Reading allows us to be informed, enlightened, and educated, but only if we comprehend what we are reading! Without comprehension, those squiggles on the page are only sounds with no meaning. So, how do we help our children have reading comprehension? First, we have to look at the elements of reading that are required for comprehension.
The “Simple View” of Reading
Every reading specialist, and hopefully every elementary school teacher, is very aware of what is called the “simple view” of reading. Researchers Gough and Tunmer came up with this model of reading in 1986, so it’s hardly new. Basically, it’s a formula for reading comprehension that says that:
Decoding x Language Comprehension = Reading Comprehension
Decoding: one side of the formula
This formula means that in order to understand what they are reading, a child needs to be able to decode the word and also understand the meaning of the word. Without both skills, there is no reading comprehension. The vast majority of the students I work with have good language comprehension, but struggle with decoding. As soon as they decode a word they know immediately what it means. Decoding is crucial. “There is no comprehension strategy powerful enough to compensate for the fact you can’t read the words,” said reading researcher Anita Archer in 2008. The first step to make sure your child has good reading comprehension, is to make sure they’re getting good decoding skills instruction!
Language Comprehension: the other side!
But language comprehension is the other piece of the formula. When children have limited vocabulary or speech and language delays, often their language comprehension is impacted. I have my own experience with this. I taught English in Russia for a year and studied the Russian language. I was great at decoding words in Russian, but often had no clue what they meant! I was missing the language comprehension piece of reading comprehension.
So, how can I help my child have good language comprehension?
The answer is… build their vocabulary! Without a strong vocabulary, children are much less able to self-monitor and self-check their reading. They might successfully sound out a complex word, but without having heard it before, they won’t have that “ah ha!” moment of comprehension. And what’s the best way to build their vocabulary? Read to them! Read aloud books that help build their auditory vocabulary. Reading aloud also helps build another area that is so important to reading comprehension: background knowledge.
Background knowledge is key!
As a teacher, I know that taking a moment to make sure that my students have some background knowledge about the text we’re about to read will pay off exponentially in their comprehension. It could be a quick discussion about holiday traditions that they have before we start to read a text about the holidays. It could be a quick video about the water cycle before we start to read a science text. Building background knowledge levels the playing field for those who don’t have it, and boosts language comprehension.
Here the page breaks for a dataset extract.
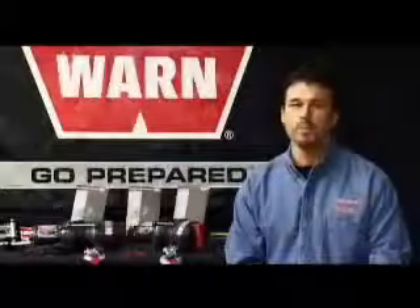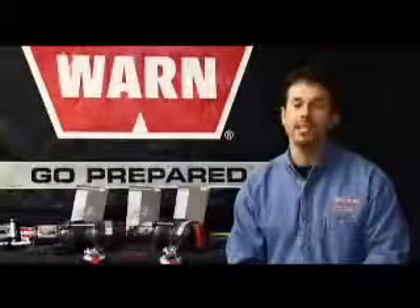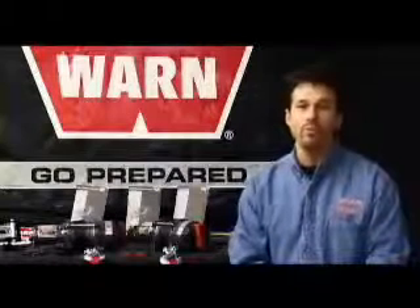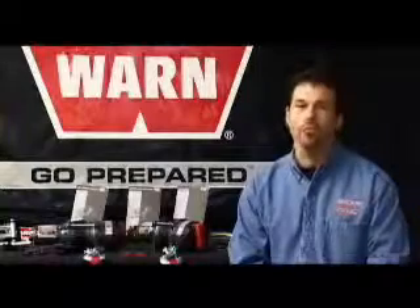From 1,500 to 4,000 pounds of pull and power, Warn's got you covered with their complete RT and XT series winch line. Now to complement this great new winch lineup, Warn now offers an all-new wireless control system for all Warn Power Sport winches. This new wireless remote is a great accessory that adds convenience and versatility when you're winching your ATV or UTV.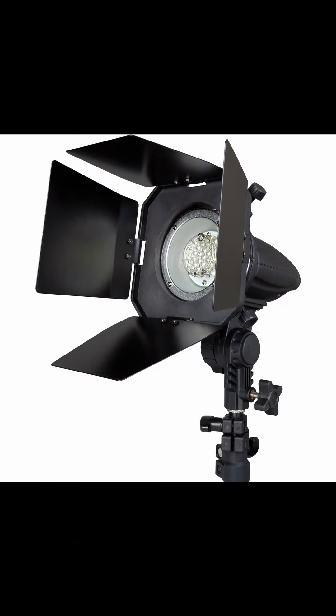Now, inside these lights that had the gels on them, I also had them in barn doors. What are barn doors? Those are barn doors — it has the little doors that look like a barn. I put the gels on the light, but I use the barn doors to keep light from spilling onto the model. This way, the color doesn't cast on her skin.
And Finally, the Goal: READING COMPREHENSION!
Even with excellent decoding and language comprehension, every child benefits from having a “toolbox” of strategies to help with their reading comprehension.
Reading Comprehension Strategies
Here’s a list of the best strategies to teach your child to support their reading comprehension:
As you read, pause to visualize a concept, character, or scene. This can be done through mental imagery and talking, “What do you picture the dog to look like? Why? What does the room look like?” Or, take a moment to draw a picture.
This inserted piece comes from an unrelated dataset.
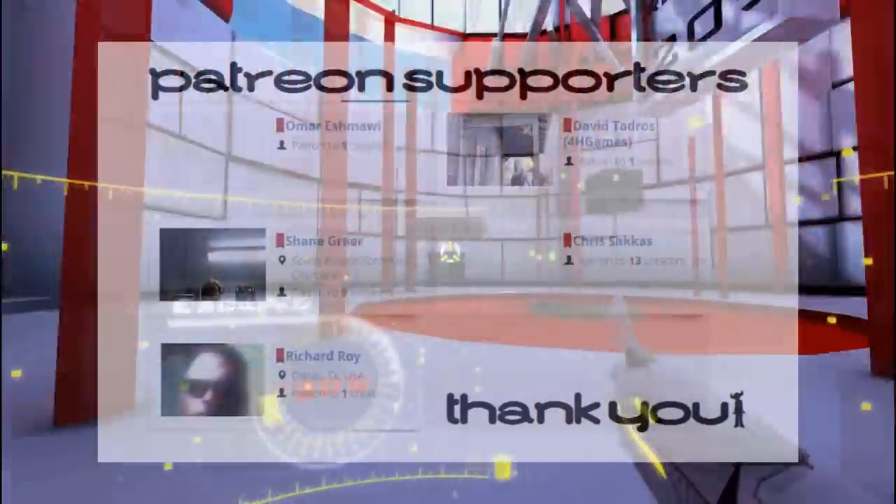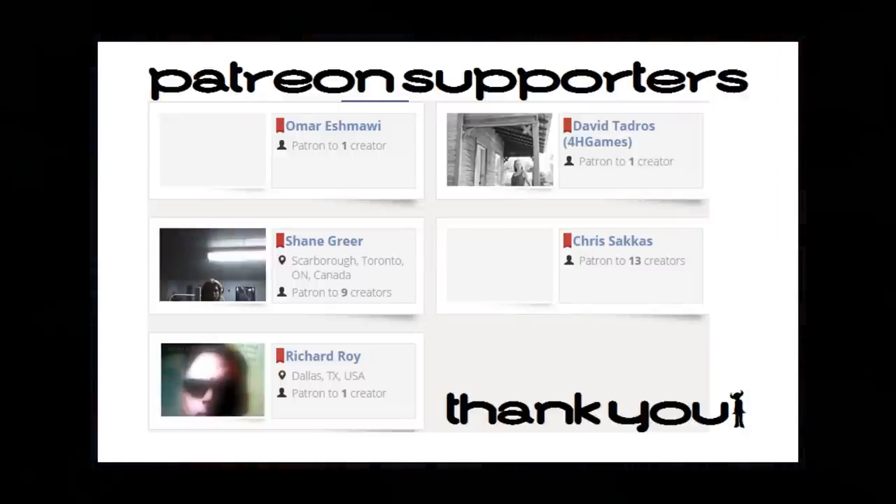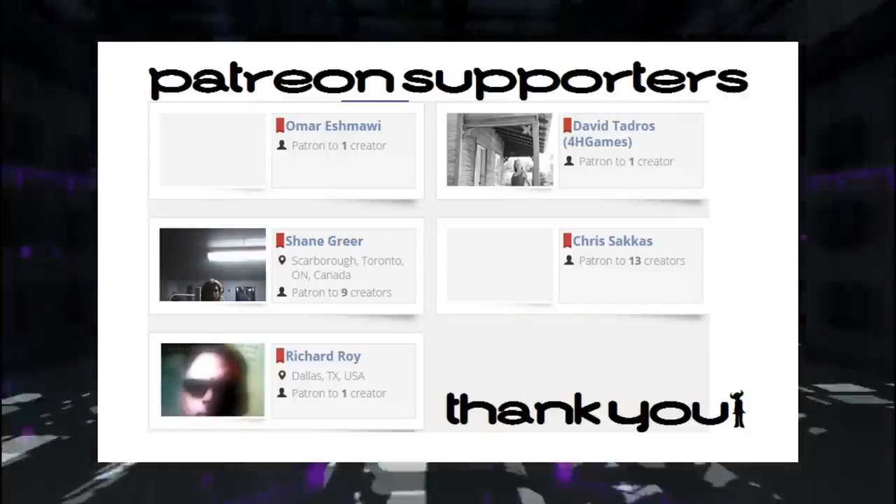And of course my Patreon supporters as well — they are listed on the panel there. I will see you guys next week. Thank you.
This is such a crucial skill! Teach your child to pause and monitor their reading. Does what I just read make sense? Do I need to re-read it? This ability to self-check and self-monitor their reading is so important! Otherwise a child will just plow through their reading without actually pausing to ask… “wait… what did I just read?”
- Making connections
What connections can be made with their own experiences? How can they relate what they are reading to their own background knowledge? Does a character remind them of a family member? Does a scene remind them of something that happened to them?
Ask your child to retell in his or her own words what just happened. I remember doing this during a difficult reading of The Hobbit with a group of seventh graders. Every paragraph we would stop and I would say, “Wait… what?” Use post-its as a way to keep these summarizing notes handy.
- Asking questions and making predictions
What do you wonder about? What do you want to know more about? What do you need clarification on? And, what predictions can you make?
It’s tempting to think that you can only apply these strategies to complex texts with older children. But, these strategies can be done with very young children using very simple texts!
I was reading a very simple book about a little boy who really wanted to get cookies from the top shelf of the cupboard with my kindergarten reading group. We were visualizing, self-monitoring, retelling, making connections with our own cookie experiences, and making lots of predictions!
And that’s the final piece of advice about comprehension. Don’t treat it like a separate skill from reading. Embed it in your daily reading experiences with your child. Teach them to use these strategies as part of being a skillful reader from an early age, and it will pay off for years to come!